• DESCRIPTION OF THE TASK: Apart from the pictures, please restate every entry below exactly.

===

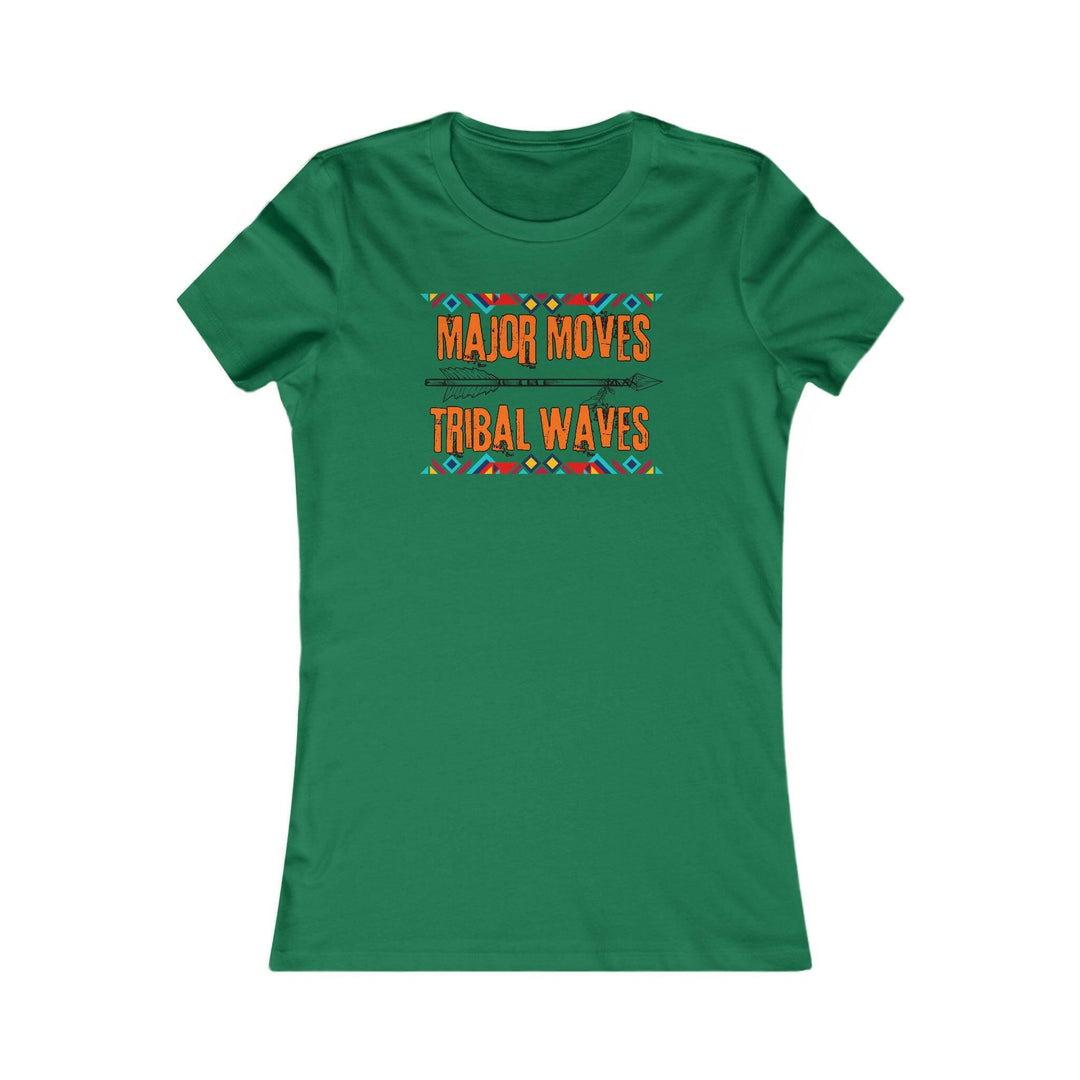 Kelly Green T-shirt with the phrase 'Major Moves Tribal Waves' in orange, with colorful tribal patterns. Embraces movement, power, and cultural heritage.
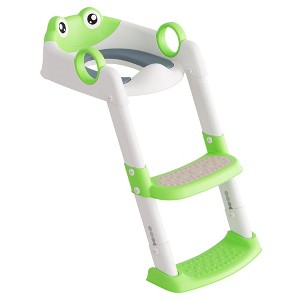 Potty Training Seat with Adjustable Height Step Stool Ladder, Potty Training Toilet with Soft Cushioned Seat & Splash Guard for Boys and Girls, Green - 1 of 4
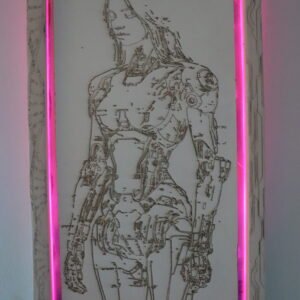 Cybergirl laser art framed active panel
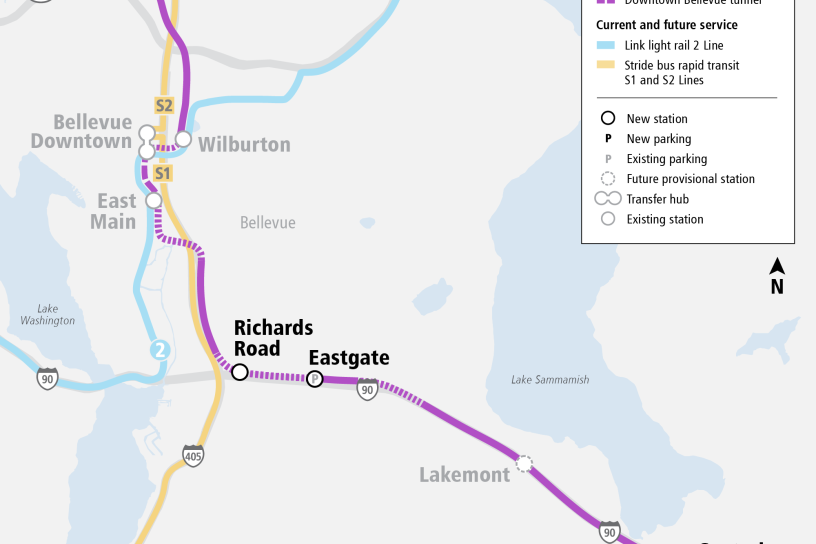 Map depicting the South Kirkland to Issaquah Link alignment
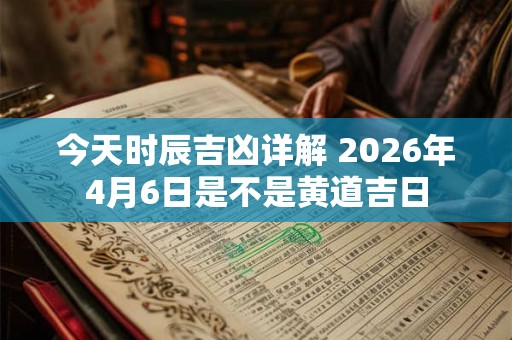 今天时辰吉凶详解 2026年4月6日是不是黄道吉日 今天时辰吉凶详解 2026年4月6日是不是黄道吉日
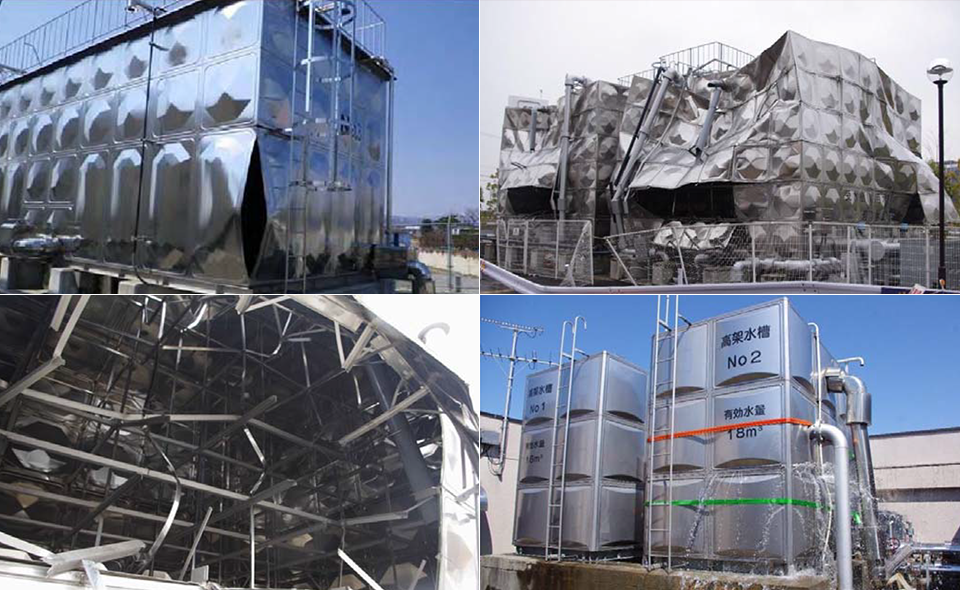 2011년 동일본 대지진 당시 파손된 현지 스테인리스 물탱크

===

• EXERCISE RESPONSE:
 Kelly Green T-shirt with the phrase 'Major Moves Tribal Waves' in orange, with colorful tribal patterns. Embraces movement, power, and cultural heritage.
 Potty Training Seat with Adjustable Height Step Stool Ladder, Potty Training Toilet with Soft Cushioned Seat & Splash Guard for Boys and Girls, Green - 1 of 4
 Cybergirl laser art framed active panel
 Map depicting the South Kirkland to Issaquah Link alignment
 今天时辰吉凶详解 2026年4月6日是不是黄道吉日 今天时辰吉凶详解 2026年4月6日是不是黄道吉日
 2011년 동일본 대지진 당시 파손된 현지 스테인리스 물탱크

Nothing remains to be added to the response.